Mutation rates inferred by our method. (A) Inferred mutation rates for simulated data sets with 100 loci from 10,000 diploids under Scenario 1 with t1 = 100 and r1 = 6.4%. The mutation rates at the 100 loci were drawn randomly from the range [1.1 × 10−8, 3.8 × 10−8]. The loci are sorted in ascending order of the simulated mutation rates. The increasing solid line indicates the mutation rates used in the simulation, while the circle and the vertical bars, respectively, denote the median and one standard deviation of the inferred mutation rate over 100 simulated data sets. (B) Inferred mutation rates for each of the 185 genes in the exome-sequencing data set of Nelson et al. (2012).

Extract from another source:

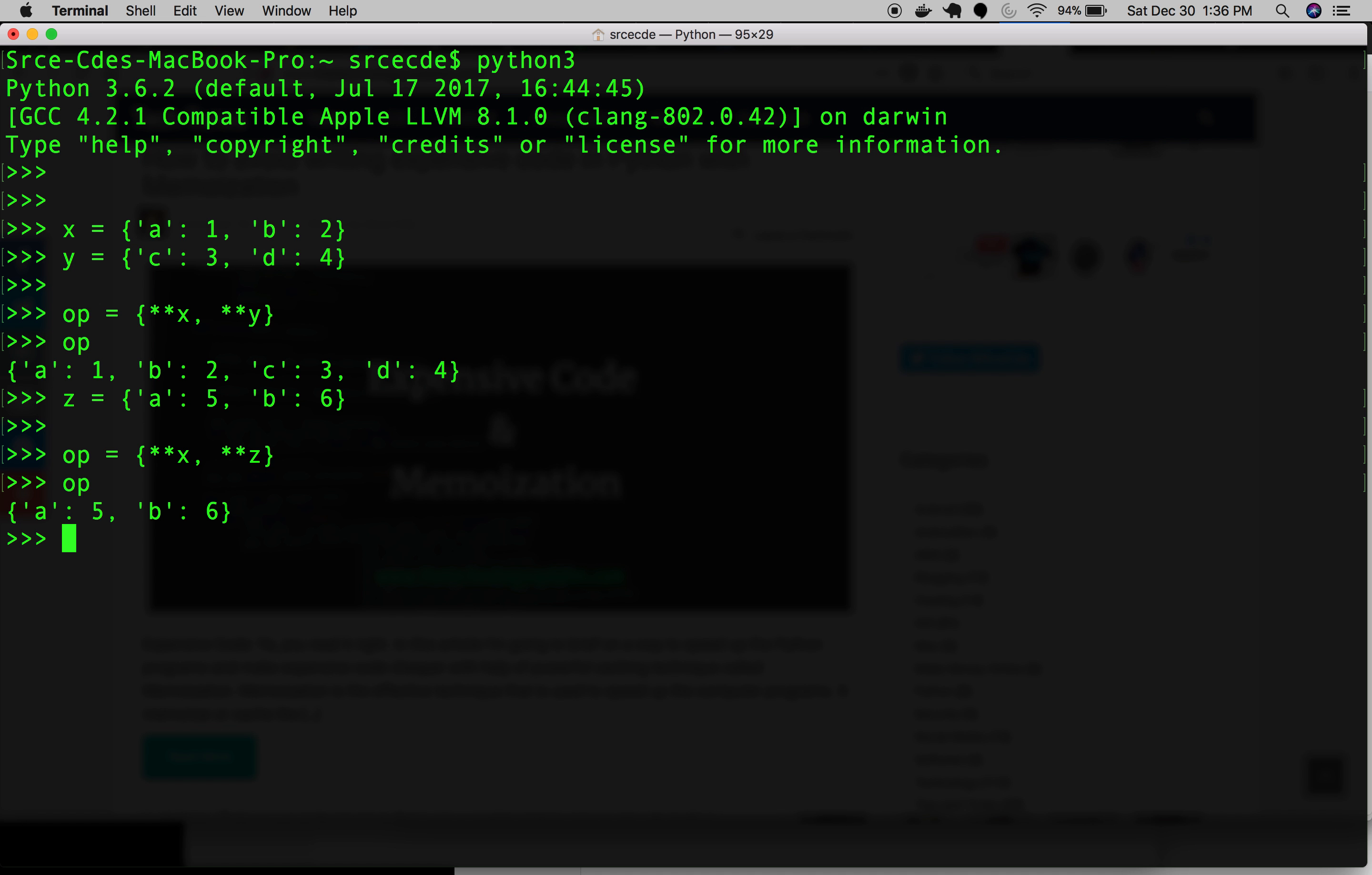So as you can see, it has picked up the z value, z dictionary as the output. So we got the resulting output as the right-hand side, that is z. So what it actually does is it copies, it makes the copy of x then again it makes the copy of z. So the resulting output will be this z.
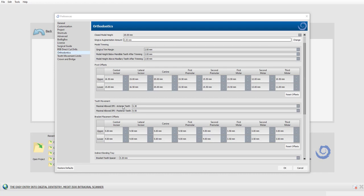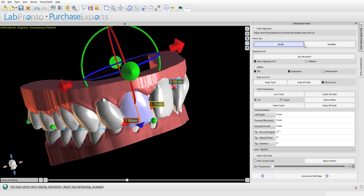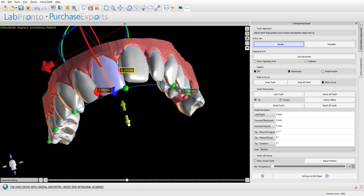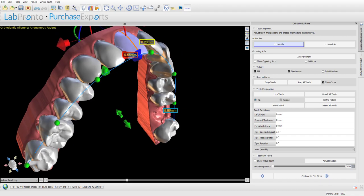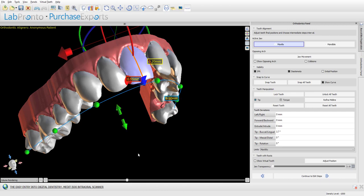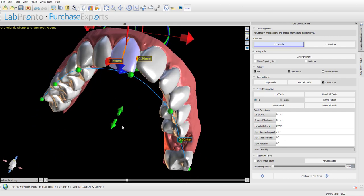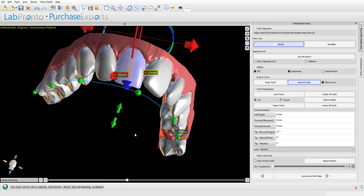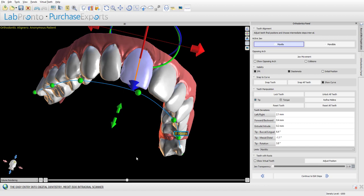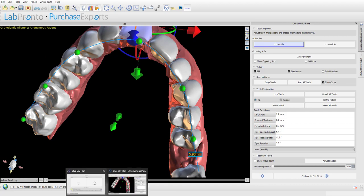The next setting is maximum allowed IPR — with different settings for anterior and posterior teeth. When you use the snap-to-curve functionality to create an automatic digital tooth setup, this setting defines what is an acceptable amount of IPR. You can move the snap-to-curve higher or lower or grab the green nodes to fine-tune it. When you click 'snap all teeth,' the software will reposition the teeth according to the snap-to-curve and the maximum allowed IPR defined in options.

The solid line connects our point estimates for the mutation rate, while the light vertical bars denote 95% confidence intervals that were constructed by a resampling block bootstrap procedure with 1000 bootstrap samples. The dashed line connects the point estimates of the mutation rate inferred by Nelson et al. (2012). While the mutation rates estimated by our method and that of Nelson and coworkers are very close to each other, the mutation rates estimated by our method are systematically higher at each locus owing to the lower population expansion rate inferred by our method.
Figure 5.
Figure 5.
Calibration plots for asymptotic (A,B), and bootstrap (C,D) confidence intervals of the duration and rate of exponential growth for Scenario 1 with t1 = 100 gens and r1 = 6.4% per gen for 200 simulated data sets of 10,000 diploids, each with 100 unlinked loci of length m. For each confidence level α on the x-axis, the y-axis counts the fraction of data sets where the true parameter estimates lie outside the 100(1 − α)% predicted confidence interval. The straight black lines denote the plot that would be obtained from an idealized confidence interval estimation procedure. (A,B) Asymptotic confidence interval calibration plots for the inferred (A) duration and (B) rate of exponential growth. As the locus length m increases, linkage disequilibrium causes the composite log-likelihood approximation in Equation 9 to become increasingly inaccurate, thus leading to poorly calibrated asymptotic confidence intervals for m = 10 kb. (C,D) Bootstrap confidence interval calibration plots using 200 bootstrap replicates per simulated data set for the inferred (C) duration and (D) rate of exponential growth. The bootstrap confidence intervals are much better calibrated than those produced by the asymptotic confidence interval estimation procedure.